L5R is a game about the samurai class and what it means to be samurai. The current setting's interpretation of what it means to be a samurai focuses entirely on subordination to the authority ABOVE you and almost nothing on responsibility for those BELOW you. Balancing that focus would not cause L5R to stop being L5R. A game where honor bound samurai in responsibility for their lessers would still be L5R because being samurai is about the bonds of duty.

L5R is a game about the Clans of Rokugan, who are distinct groups of samurai all with a distinct way of viewing the world and culture of their own that is nonetheless part of the larger culture of Rokugan, of which they remain proud members. The current setting's implementation of this has one of those Clans (Dragon)not really knowing what to do with themselves, another (Phoenix) unable to do meaningful things that affect the world, another (Crab) forced to continually fail at the only duty that defines them, and two others (Unicorn and Mantis) who can look and act differently but whose main conceptual appeals are constantly stepping on each other's toes. Fixing those things would not make it not L5R. A game that did not have ANY of the nine Clans we know would still be L5R, though it would be a bit of a stretch, so long as the new Clans it did have were distinct, united by a particular culture and outlook on the world, and still considered themselves part of the larger shared culture of the Empire.

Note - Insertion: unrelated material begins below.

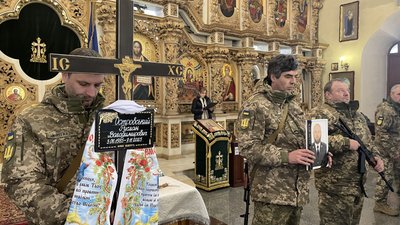 Загинув на Донеччині: у Полтаві попрощалися із солдатом Русланом Островським Загинув на Донеччині: у Полтаві попрощалися із солдатом Русланом Островським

L5R lasted as long as it did because people saw things they liked in it. That doesn't mean everything was perfect and inviolate. L5R did a lot to try to push people away; that it didn't entirely succeed just goes to show the things that people did like in it were very likeable. Building the setting from the ground up to appeal to those things is always going to wind up better than salvaging as much as you could from an existing setting that screwed them up.

My impression of Mr Wick was that he thought "good" writing and GMing were both defined by how much you could make the characters suffer. The more suffering, the better.